Great Ballard School is a co-educational independent school for children aged 2½ to 16 years. It was founded in 1924 and set up at its current location in Eartham, near Chichester, West Sussex, England, in 1961. The headmaster is Matthew King.

Eartham House
The school's main building, Eartham House, was originally built in 1800 and was occupied by the poet William Hayley. The house was subsequently purchased by William Huskisson, a prominent nineteenth-century politician who was a member of parliament for Chichester and served in the governments of Lord Liverpool and the Duke of Wellington.
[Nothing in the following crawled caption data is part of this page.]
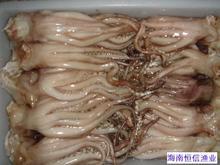 供应进口冷冻干鲜鱿鱼等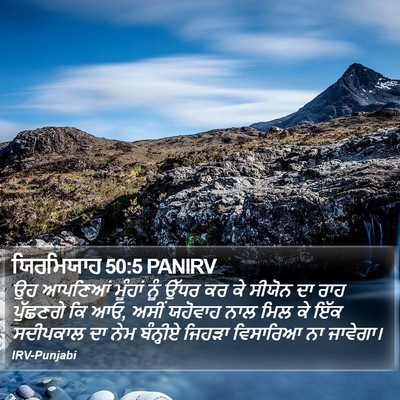 ਯਿਰਮਿਯਾਹ 50:5 PANIRV Bible Verse Image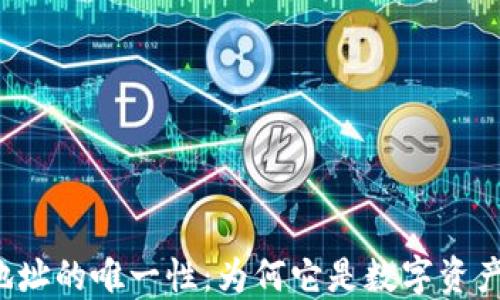 
区块链钱包地址的唯一性：为何它是数字资产安全的关键？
Huskisson, despite his high-profile political career, is best remembered for the tragic manner of his death – he was run over by George Stephenson's locomotive engine The Rocket at the opening of the Liverpool to Manchester railway line in 1830.
 
Eartham House was entirely rebuilt in 1905 to designs by the architect Edwin Lutyens, but some Regency decorations and fireplaces are still retained in one room. The house was listed as a Grade II listed building by the Ministry of Works in 1958.

School history
Since its founding, the school has had many homes, including the original site at New Milton Hampshire. It remained there until the Second World War, when it was relocated to Dorset and then to Stowell Park in Gloucestershire, where it stayed until 1947. For a short time it was then at Cordwalles, Camberley, Surrey, where the Queen had carried out her ATS training, until a fire forced a temporary return to Stowell Park. After repairs, the school remained in Camberley until moving to its current location in 1961, chosen because the area around its home at Camberley had become more urbanised.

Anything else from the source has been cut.